With regard to the Commissioners themselves, they work with the agreement of the trustees, and again there is a smaller element of compulsion—if indeed one can find an element of compulsion, except for ordinary inquiries. In answer to the noble Lord, Lord Amulree, I have mentioned that the local authorities can act only where there is consent. I certainly do not have the impression that this is a Bill which has authoritarian aspects. The whole intention of the Bill is to constitute a partnership. I would ask my noble friend to consider whether it is not a necessary concomitant of 1960 that there should be partnership between voluntary effort and State performance. I do not see how we can say, in 1960, that there must be no State action. While he and I have battled on behalf of the individual, we 651 have always realised that the modern State must infringe rights to some extent, for schools, factories, nuclear power stations and other things.
The noble Lord, Lord Pakenham, has stated the problem, the problem which I have tried to approach in presenting this Bill and with which my right honourable friend has tried to grapple in drafting it—namely, how can we produce a partnership which does not derogate from the position of either partner? I could not feel more strongly the need for voluntary effort—for three reasons. The first is that voluntary effort is essential for pioneering work in every social field. Voluntary effort is able to take the more adventurous course and to take a risk in doing things which the State or the local authority effort could not do.
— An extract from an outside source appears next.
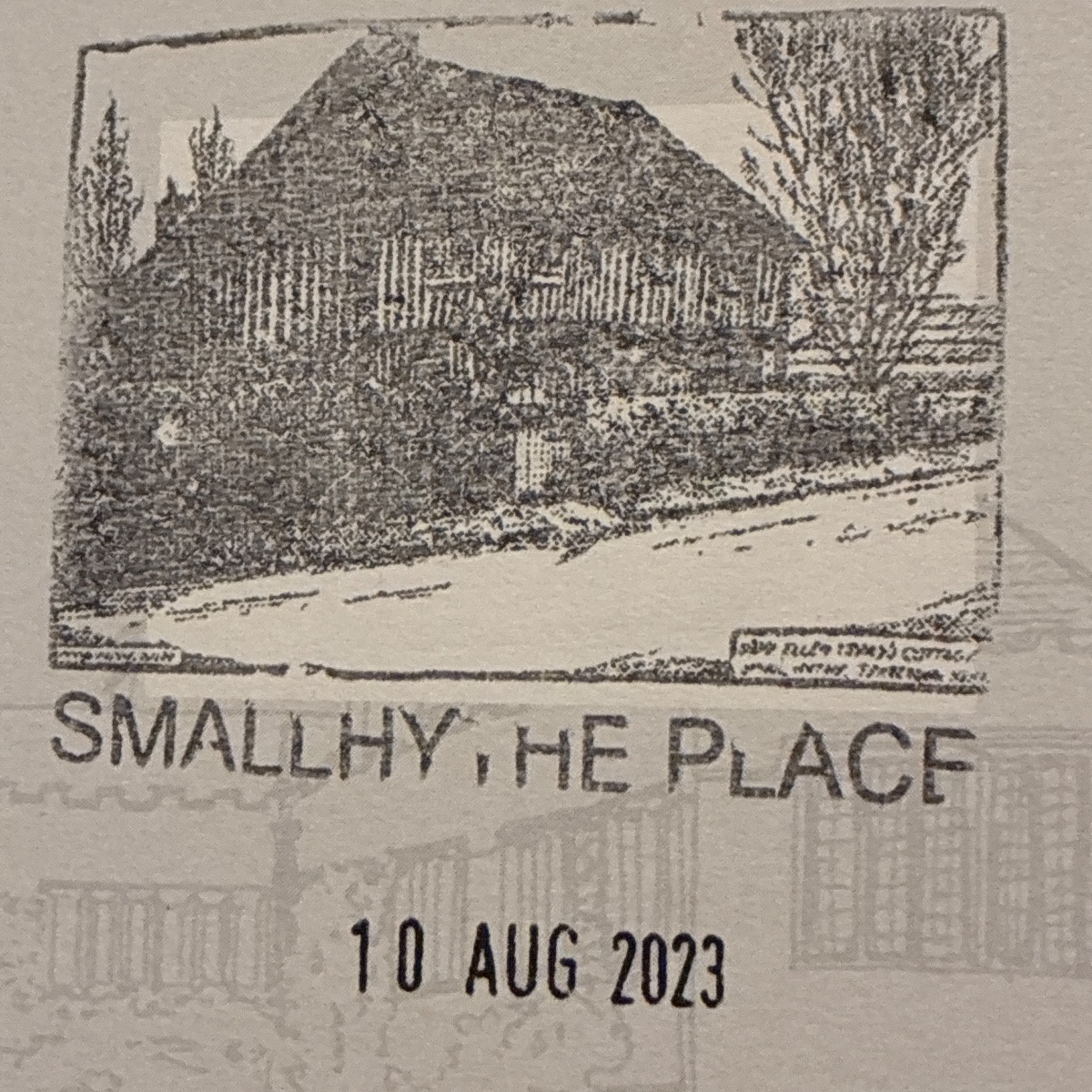Official stamp shared by Grace Reedy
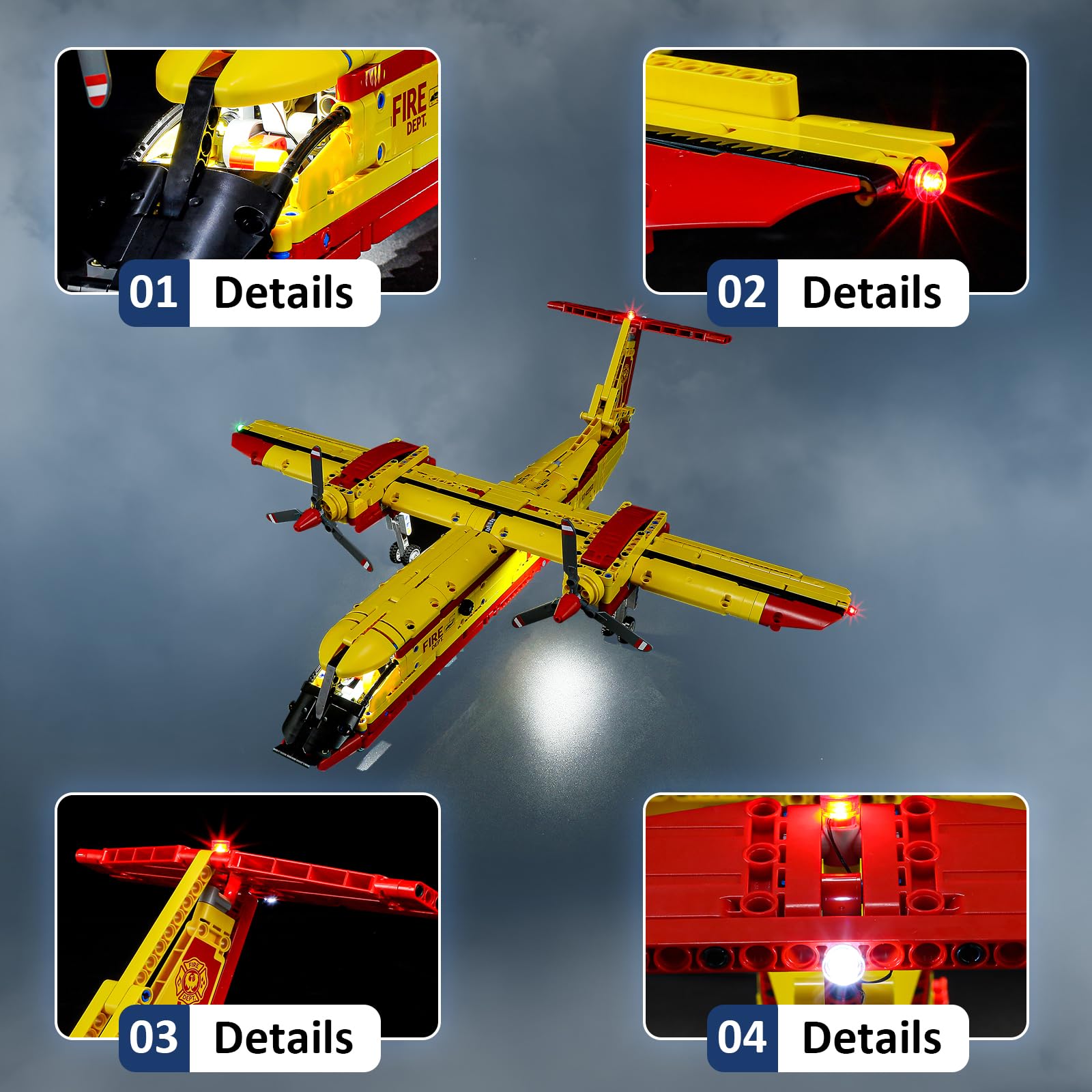 Amazon.co.jp: Mililier LEDライトキット レゴ 42152 消防士 - 航空機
For that reason it is valuable.
Secondly, I still think that in many cases voluntary effort can give, if not a higher standard of work, then a greater feeling of personal warmth and interest. It starts with an advantage there. Thirdly, I have no hesitation in saying that voluntary effort is essential, if we are going to maintain and restore the moral standards of our people. Only if they engage in voluntary effort are our standards going to be worth anything at all. Therefore I assure my noble friend that I have an intense belief in the voluntary side of this partnership, but I feel that we have to face the problem of this partnership of effort. On the whole, I think that your Lordships believe that this Bill does face the problem realistically and sensibly, and I commend it to your Lordships.
My Lords, before the noble and learned Viscount finishes, perhaps he will ease my uneasiness and tell me whether blind charities will have to re-register in different form, and whether public company charities will have to re-register in different form, or whether the present registration is sufficient.
§ THE LORD CHANCELLOR
My Lords, I am sorry that I have not been able to get specific instructions on that point. It seems to me that it would be unusual if blind charities had to reregister and I do not see why a charity, so long as it is charitable, cannot be run as a company. I cannot see how the 652 Bill makes any difference. I have been chairman of a charitable educational company and I cannot see anything in the Bill which will alter that. But again, perhaps my noble friend will allow me the escape clause, in case I have not quite appreciated his point. I will write to him as soon as I can.
§ On Question, Bill read 2a, and committed to a Committee of the Whole House.